* [Given data]

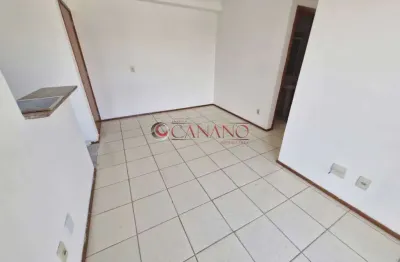 Apartamento com 3 quartos à venda na avenida dom hélder câmara, del castilho, rio de janeiro, 65 m2 por r$ 300.000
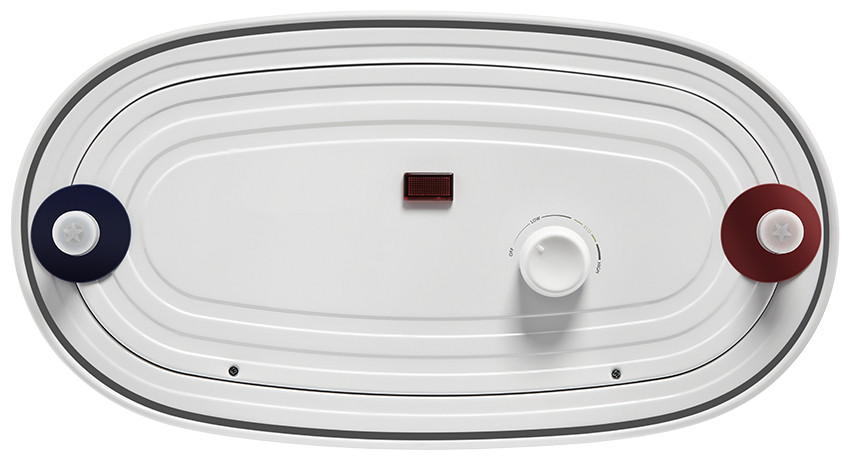 Водонагреватель Ballu BWH/S 30 Level PRO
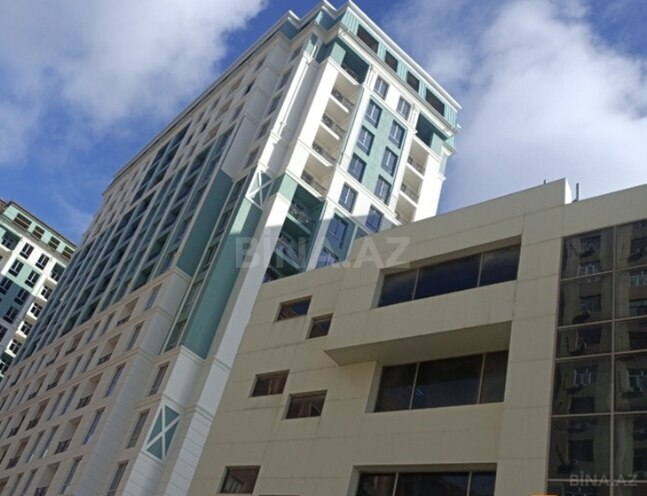 Satılır 4 otaqlı yeni tikili 220 m², Gənclik m., photo 10 from 11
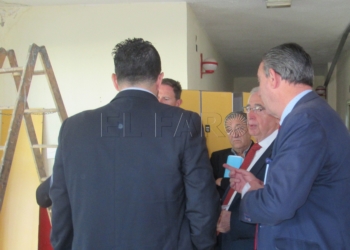 8 1 9 Deportes ahorrará 60.000€ tras la obras en la piscina municipal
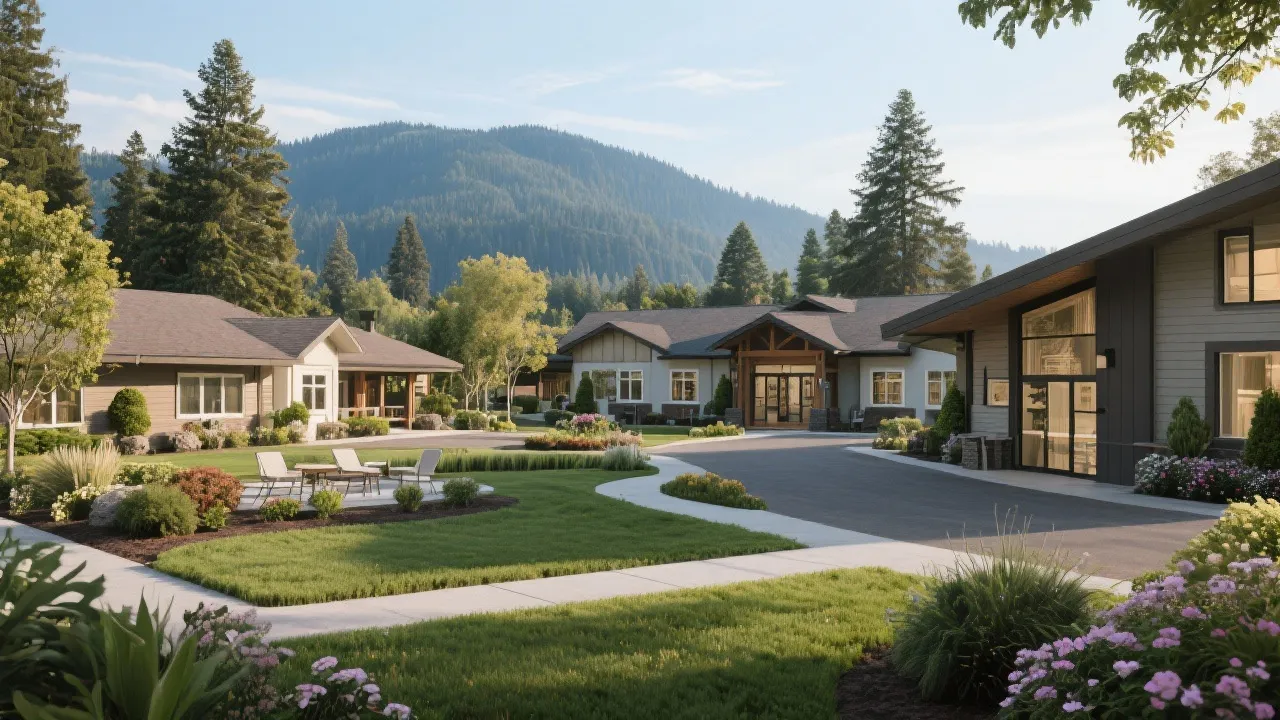 Understanding LeadingAge Oregon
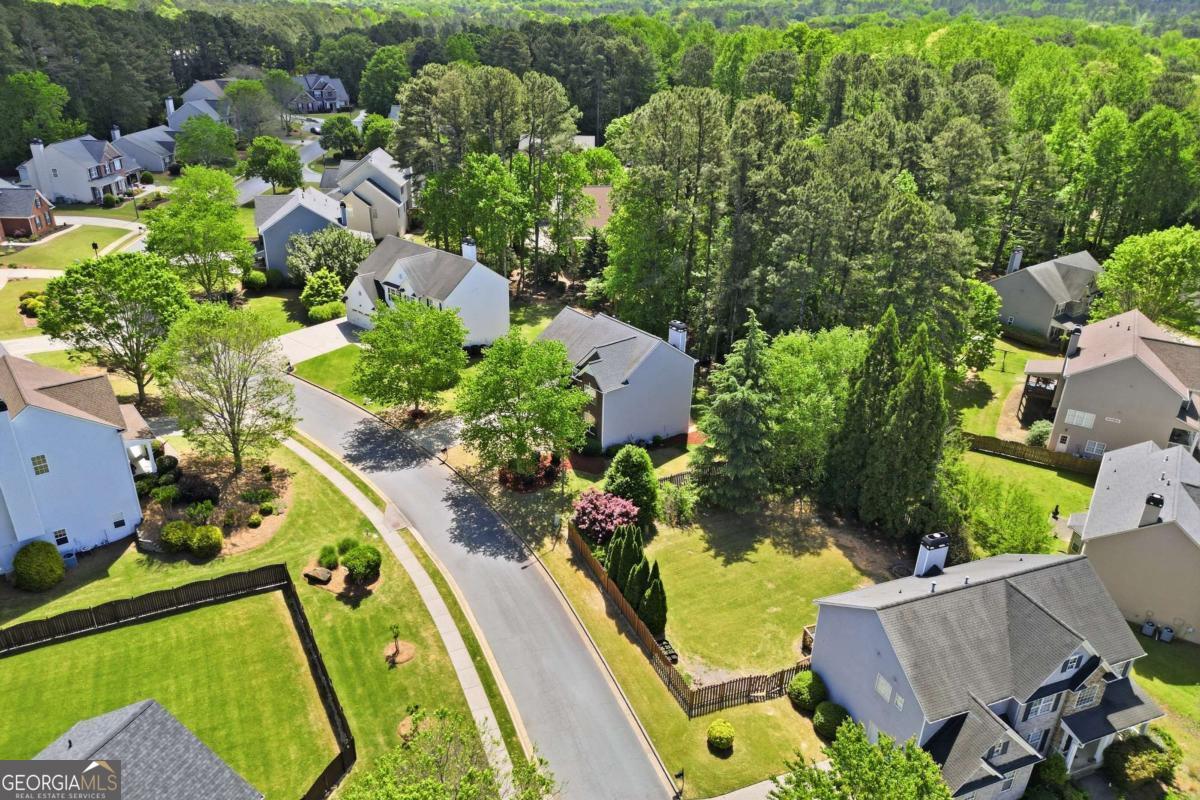 6065 Gentlewind Court Powder Springs GA 30127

* [What needs to be done]
What you return must match the records letter for letter, except that the pictures stay out.

* [Output for this task]
 Apartamento com 3 quartos à venda na avenida dom hélder câmara, del castilho, rio de janeiro, 65 m2 por r$ 300.000
 Водонагреватель Ballu BWH/S 30 Level PRO
 Satılır 4 otaqlı yeni tikili 220 m², Gənclik m., photo 10 from 11
 8 1 9 Deportes ahorrará 60.000€ tras la obras en la piscina municipal
 Understanding LeadingAge Oregon
 6065 Gentlewind Court Powder Springs GA 30127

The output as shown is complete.